**Work to be completed**
Begin with the first line of the entries below. Copy each line exactly, stopping after the one that contains "A test for clinical".

=== Section Start ===

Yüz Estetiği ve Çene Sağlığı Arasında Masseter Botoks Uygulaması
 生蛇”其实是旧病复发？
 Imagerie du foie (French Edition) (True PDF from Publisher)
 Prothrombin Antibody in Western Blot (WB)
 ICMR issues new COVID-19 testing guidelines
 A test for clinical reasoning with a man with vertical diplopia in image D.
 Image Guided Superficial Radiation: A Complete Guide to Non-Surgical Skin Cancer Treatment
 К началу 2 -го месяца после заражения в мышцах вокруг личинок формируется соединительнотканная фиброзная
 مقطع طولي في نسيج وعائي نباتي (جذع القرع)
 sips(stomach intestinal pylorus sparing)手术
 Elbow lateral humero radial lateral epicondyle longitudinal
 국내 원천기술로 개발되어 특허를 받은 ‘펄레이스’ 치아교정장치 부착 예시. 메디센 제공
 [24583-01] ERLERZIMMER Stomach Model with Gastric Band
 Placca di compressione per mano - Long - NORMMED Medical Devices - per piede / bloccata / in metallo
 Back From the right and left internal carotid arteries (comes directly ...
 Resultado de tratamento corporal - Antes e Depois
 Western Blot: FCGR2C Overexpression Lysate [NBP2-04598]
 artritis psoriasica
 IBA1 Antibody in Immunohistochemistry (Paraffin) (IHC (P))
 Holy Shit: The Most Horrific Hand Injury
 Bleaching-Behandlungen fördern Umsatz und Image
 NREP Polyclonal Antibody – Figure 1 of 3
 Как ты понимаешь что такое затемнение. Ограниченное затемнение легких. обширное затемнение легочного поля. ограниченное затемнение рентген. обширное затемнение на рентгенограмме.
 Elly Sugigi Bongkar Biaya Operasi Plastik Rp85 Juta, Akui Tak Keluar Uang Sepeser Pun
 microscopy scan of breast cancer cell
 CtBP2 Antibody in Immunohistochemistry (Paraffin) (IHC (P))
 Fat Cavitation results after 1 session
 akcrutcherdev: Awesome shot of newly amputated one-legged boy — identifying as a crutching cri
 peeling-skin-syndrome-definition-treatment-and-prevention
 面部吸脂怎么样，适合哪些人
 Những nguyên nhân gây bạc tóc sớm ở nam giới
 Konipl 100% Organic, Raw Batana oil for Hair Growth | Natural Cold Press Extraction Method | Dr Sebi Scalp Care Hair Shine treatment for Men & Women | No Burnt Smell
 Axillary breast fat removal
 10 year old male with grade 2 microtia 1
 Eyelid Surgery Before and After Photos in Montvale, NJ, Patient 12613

=== Section End ===

**Result for this exercise**
Yüz Estetiği ve Çene Sağlığı Arasında Masseter Botoks Uygulaması
 生蛇”其实是旧病复发？
 Imagerie du foie (French Edition) (True PDF from Publisher)
 Prothrombin Antibody in Western Blot (WB)
 ICMR issues new COVID-19 testing guidelines
 A test for clinical reasoning with a man with vertical diplopia in image D.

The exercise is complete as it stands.